Vitamin A ist für den Körper unverzichtbar, weil es an vielen Stoffwechselvorgängen beteiligt ist. Dazu gehören
- das Sehen
- die Bildung von Haut und Schleimhäuten
- die Entwicklung des Embryo
Synonym:
In der Literatur findet man häufig den Begriff Retinol oder eine Vorstufe des Vitamin A, das sogenannte Pro-Vitamin A, womit meistens Beta-Karotin gemeint ist.
Aufgaben:
Vitamin A wird benötigt für die Funktion und Teilung von epithelialen Zellen, beeinflusst also das Wachstum, die Bildung von Haut, Schleimhäuten und von Knorpelgewebe. Es bildet zusammen mit dem Protein Opsin den Sehpurpur (Rhodopsin) in den Stäbchen und Zapfen der Netzhaut und spielt somit eine Rolle für den Sehvorgang. Auch für Reproduktionsvorgänge wie die Entwicklung der Plazenta und des Fötus, sowie für die Produktion von Testosteron, ist es von Bedeutung.
Wichtig ist Vitamin A auch als Lichtschutz für die Haut und bei der Behandlung von Akne und Altersflecken.
Vitamin A ist ein fettlösliches Vitamin, das hauptsächlich in tierischen Nahrungsmitteln, aber auch in Form von Carotinoiden (Pflanzenfarbstoffen) als so genanntes Provitamin A aufgenommen werden kann. Die höchste Vitamin-A-Wirksamkeit hat dabei das Beta-Carotin, dessen Moleküle aus zwei untereinander verbundenen Retinol-Molekülen bestehen. In der Leber kann Vitamin A gespeichert werden und von dort über das Blut zu den Zellen transportiert werden.
Die Carotinoide werden im Dünndarm zu Retinol gespalten und über die Lymphe transportiert.
Carotinoide, die im Körper in Retinol umgewandelt werden, sind für den Menschen ebenfalls essenziell. Da sie selbst Sauerstoff an sich binden, fungieren sie als so genannte Antioxidantien. Sie fangen freie aggressive Sauerstoffradikale (reaktionsfreudige Moleküle) und ähnlich Oxidationsprodukte wirksam ab, "entschärfen" sie, indem sie ihnen ein Sauerstoffatom entreißen, und verhindern so die Oxidation anderer wichtiger Substanzen wie Nukleinsäuren, Eiweiß und Fettsäuren.
Carotinoide können der Bildung von Arteriosklerose entgegenwirken.
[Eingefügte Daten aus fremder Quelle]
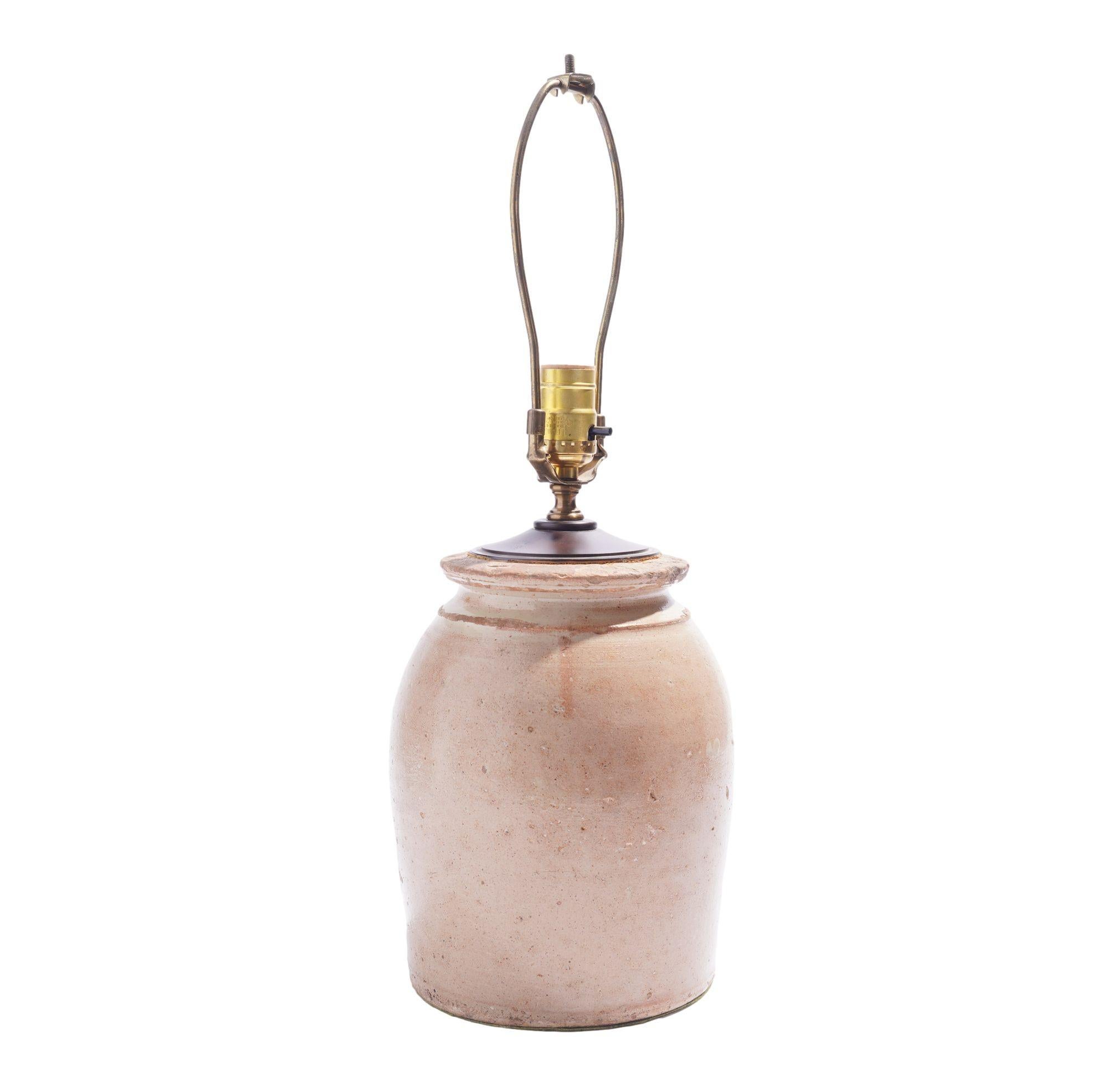 American Hammett Pottery earthenware crock wired for use as a lamp, c. 1842-79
Bei der Krebsbekämpfung gewinnen Carotinoide immer mehr an Bedeutung.
Wenn Carotinoide in ausreichender Menge vorhanden sind, wird einer Schädigung von Zellen, Zellkern und Zellmembran und wahrscheinlich Krebskrankheiten vorgebeugt.
Vorkommen:
In seiner aktiven Form finden wir Vitamin A in tierischen Lebensmitteln, wie z. B. in Leber, Lebertran, Eigelb, Milch, Butter und Käse. Seine Vorstufen (Provitamin A, Beta-Karotin) finden sich in grünem und gelbem Gemüse, wie z.B. Karotten, Äpfel, Aprikosen, Petersilie, Spinat, Tomaten, Brokkoli und Mangos.
Dosierung:
Die deutsche Gesellschaft für Ernährung (DGE) empfiehlt gesunden Menschen:
0,8 mg für Frauen
1,0 mg für Männer
1,5 mg für Stillende
3 mg Retinol entsprechen ungefähr 10.000 IE (IU)
Überdosierung:
Die folgende Information bezieht sich auf gesunde Menschen. Vitamin A wird bewusst in hoher Dosierung zu therapeutischen Zwecken, z.B. in der Krebstherapie eingesetzt.
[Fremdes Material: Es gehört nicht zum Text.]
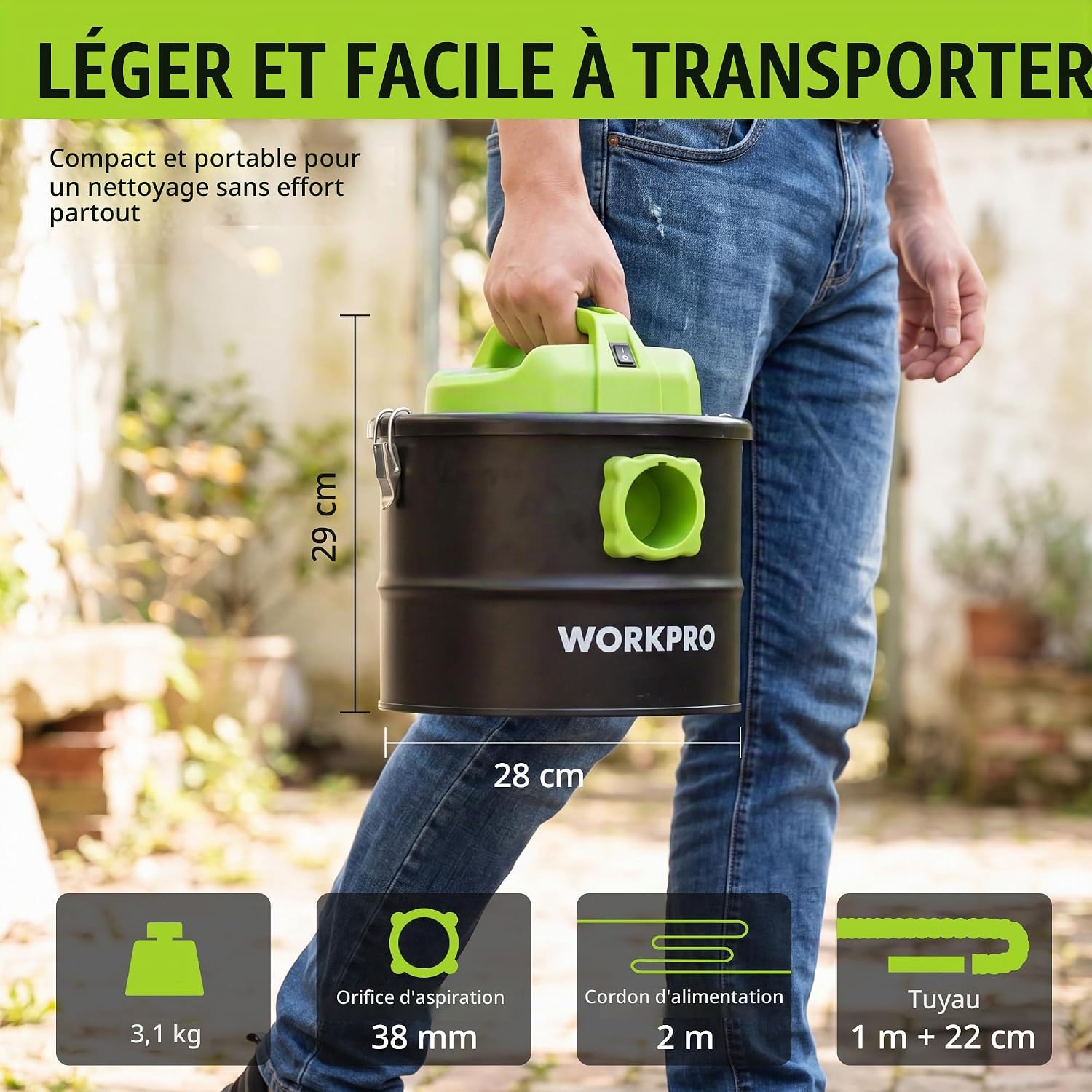 Detalle de WORKPRO aszuiger 10 l, 700 W met blaasfunctie en wasbaar F9-filter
Da es sich um ein fettlösliches Vitamin handelt ist eine Überdosierung möglich. Dabei wird das Vitamin in Leber und Fettgewebe gespeichert.
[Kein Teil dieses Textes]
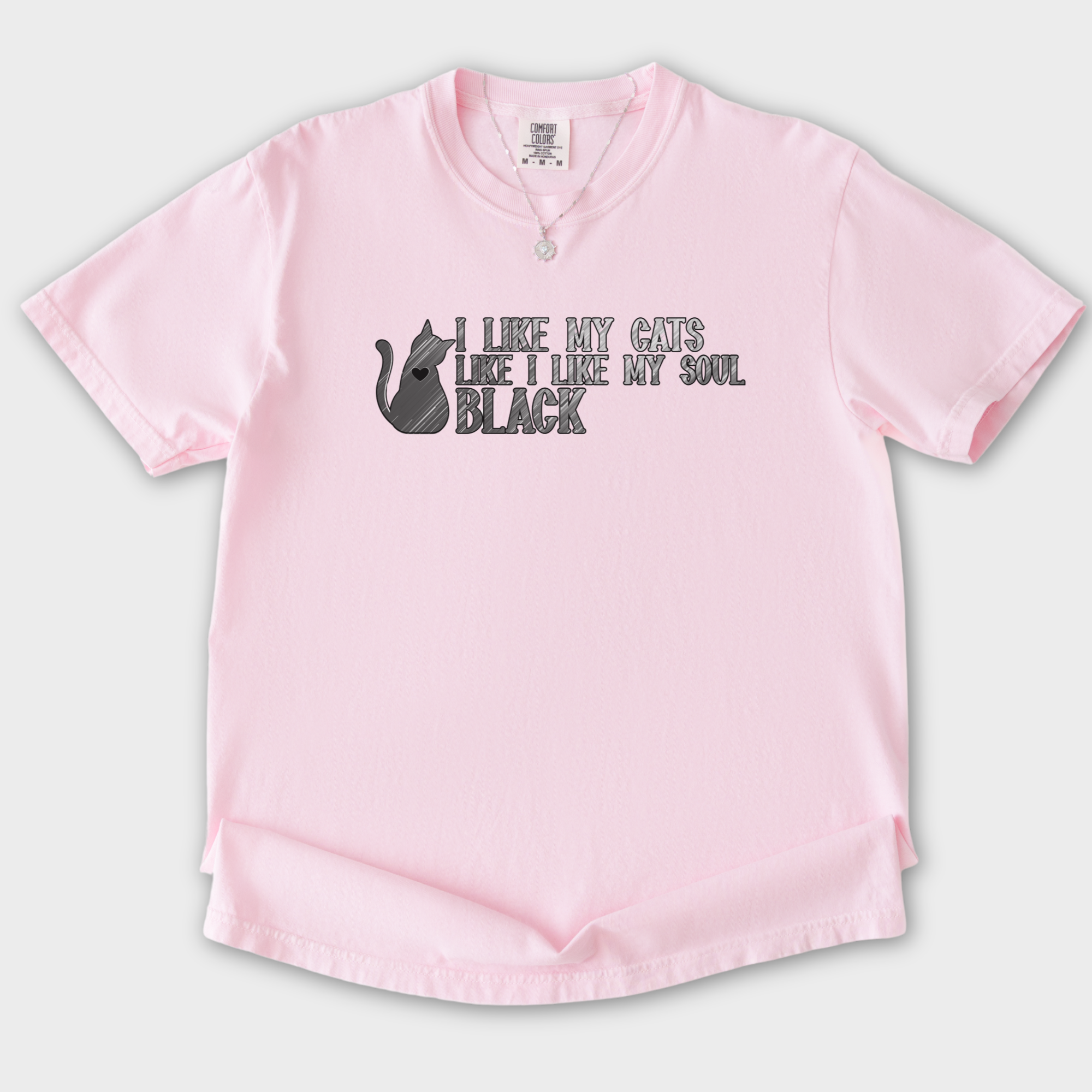 Retro I like my pets like I like my soul Cat Text Comfort Colors T-Shirt in Blossom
Bei einer kurzfristigen Überdosierung (mehr als 200 mg als einmalige Dosis) kann es zu Schwindel, Übelkeit und Kopfschmerzen kommen. Die Beschwerden lassen automatisch nach, wenn die Zufuhr eingestellt wird.
Eine langfristigen Überdosierung kann entstehen bei einer Einnahme von circa 30 mg pro Tag über einen längeren Zeitraum. Die Symptome können sein: trockene, raue Haut, dünnes Haar, Müdigkeit, Knochen – und Muskelschmerzen, Haut – und Skelettveränderungen wie Schädigung der Hornhaut oder Verringerung der Knochendichte, Leberschäden und Gelbsucht.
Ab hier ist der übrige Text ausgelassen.